Imagine, if you will, a continuum of performance:
This could be any size scale that you like. I seem to remember Rick Stiggins saying that research had shown that we lose the ability to discriminate amongst anything more than 7 different categories. Most rubrics tend to have 3 or 4 levels, so we'll choose a 4-point scale for our discussion here:
Now, imagine a set of student work---perhaps they are explanations of how to solve a math problem or detail an experimental design or maybe it's even an essay about Shakespeare. Whatever. Unless there's been some looky-looing, no two student performances will be identical. Sure, all of the kids could write answers that score well, but that doesn't mean that they use the exact same words, organization, or other features you are looking for. They will be spread out across the "range" of the scale. Your job as a rangefinder is to determine two things.
First, you want to look at the work and decide what is acceptable within each score point. I know, I know. From 1 to 2 looks like an easy jump. But it's not.
There's a lot of space between points. What is the least best "1" a student could earn...so barely a "1" that it's killing you that a piece of work even gets that much attention---what would it look like? What about a "middle" and a "high" 1? It is astounding how a one word change in your scoring tool (or even a one word swap in an answer) makes all the difference in how an artifact of student learning performs against the standards.
And then, there are these questions to answer:
What is the difference between a "high 1" and a "low 2"? How do you officially draw the line between score points?
Sometimes, sets of papers illustrating each point are put together prior to rangefinding. Other times---especially if it is a brand-new type of item or assessment---a rangefinding committee might look at groups of papers, order them from best to not-so-best, then determine the score points and refine the scoring tool. My group? I pulled a few samples I thought were interesting.
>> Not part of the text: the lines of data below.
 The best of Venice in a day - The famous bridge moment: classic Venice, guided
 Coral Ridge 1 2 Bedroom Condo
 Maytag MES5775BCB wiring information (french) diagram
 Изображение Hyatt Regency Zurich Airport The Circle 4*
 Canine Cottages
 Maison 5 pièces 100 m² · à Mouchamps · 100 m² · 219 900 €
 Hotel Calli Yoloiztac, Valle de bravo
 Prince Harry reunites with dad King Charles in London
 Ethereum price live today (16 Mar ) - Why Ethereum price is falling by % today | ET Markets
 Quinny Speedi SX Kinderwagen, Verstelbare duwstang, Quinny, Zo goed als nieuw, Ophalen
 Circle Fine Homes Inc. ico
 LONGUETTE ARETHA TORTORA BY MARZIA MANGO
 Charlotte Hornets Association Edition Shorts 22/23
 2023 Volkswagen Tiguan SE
We used those to calibrate amongst one another and tweak the scoring guide---then we applied it to every single sample that was turned in, sifting out exemplars and finalizing the scoring guide.
There can be a variety of outcomes of these conversations. Sometimes, you develop some additional scoring rules to clarify how the rubric is applied. You will want to find samples to use as exemplars. These are sets of papers which clearly illustrate how to apply the rubric (or in some cases, represent "tricky" papers that get people into the nuances of scoring).
I can hear some of you. You're saying, "Who the heck cares about this crap?" Most of us educators don't---unless the test is big enough. We just don't have the resources to deal with this for every item that will cross a student's desk. At a state level, where you might be scoring tens of thousands of student responses (or a national level, like the SAT or AP), rangefinding becomes important for validity reasons. And, in fact, the legislation which required the development of the assessments I'm working on also mandates that they be able to be "consistently scored" by educators. We must be able to have a water-tight scoring tool that a fourth-grade teacher (for example) in any classroom in the state can pick up and use---and get the same scores as any other teacher looking at the same work. But to do that, we first have to see what kids do with a prompt. We have to set them loose upon an assessment, then reel in the products and see how they look along the scoring tool we developed. It is inspiring to see all the creative things kids do...all the unanticipated ways they interpreted directions...or how many papers you end up shaking a fist at (or cheering for).
Get thee to a rangefinding event. You'll never look at classroom work the same way again---and for all sorts of wonderful reasons.